Yep, there’s a fourth goddamned Sharknado movie
Here’s what’s up in the world of TV for Sunday, July 31. All times are Eastern.
Top picks
Sharknado: The 4th Awakens (Syfy, 8 p.m.): We have no one to blame for this but ourselves. When the first Sharknado appeared on our screens, it was an absolute delight, full of intentional and unintentional badness that came together to create something beautiful. And then when Sharknado 2: The Second One appeared, it still had that nutso energy, even though it showed an unhealthy fondness for celebrity cameos and a strange belief that Tara Reid was leading lady material. Then came Sharknado 3: Oh Hell No!, which proceeded to double down on both of those things, bury itself under product placement, throw the fate of one of its “stars” to the internet wolves, and—most offensively—find a part for Ann Coulter that didn’t end in her vivid dismemberment. At this point there seemed nowhere else for shark-filled tornadoes to go, and the hope was that the series would disappear up its own increasingly self-referential ass.

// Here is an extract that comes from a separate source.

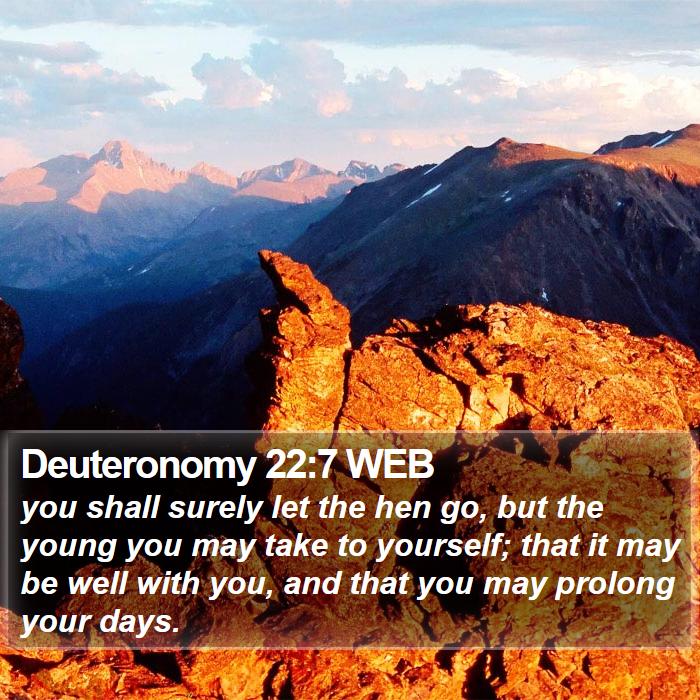 Deuteronomy 22:7 WEB Bible Study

No such luck, as we all kept tuning in and playing along on Twitter. Now it’s not just a trilogy; it’s a franchise, and one that feels comfortable cribbing from one of science fiction’s most storied franchises that only recently returned to grace. The pen of Thunder “It’s My Real Name” Levin now gives us Sharknado: The 4th Awakens, and with it Ian Ziering, Tara Reid, and a legion of stunt-casted pre-chum waging their latest battle against the bastard love child of ichthyology and meteorology. Caroline Framke finally gave up on the series after the third installment—her exact words were “blatantly manipulative… calculated and joyless”—so Les Chappell is strapping on the robotic chainsaw hand to see if the series can achieve its previous ludicrous speed or find even lower points to reach.
Preacher (AMC, 9 p.m.): A show that goes as insane as Preacher has in its first season is a show worth celebrating. This first season has been a treat in a slow summer with the level of crazy elements that it’s introduced—vampires with a fondness for drugs, chainsaw- and coffee-can-toting angels, shotgun-carrying Jackie Earle Haley wiping out alternative-energy executives, Eugene heading to hell with one word—and the possibilities of what could happen in tonight’s finale have us positively giddy. Zack Handlen is more restrained, saying “There’s no guarantee that the payoff next week will be everything we’re looking for, but there’s enough reason to trust that it could be.” C’mon, Zack, be optimistic!
The Jim Gaffigan Show (TV Land, 10 p.m.): In tonight’s episode, “He Said She Said,” Jim and Jeannie get into a big fight and have to determine what they are truly in conflict about. Given that this episode title shares the name of a 1991 romantic comedy starring Kevin Bacon and Elizabeth Perkins, perhaps it turns out that, like in that movie, the differences are based on politics and a talk show is the answer.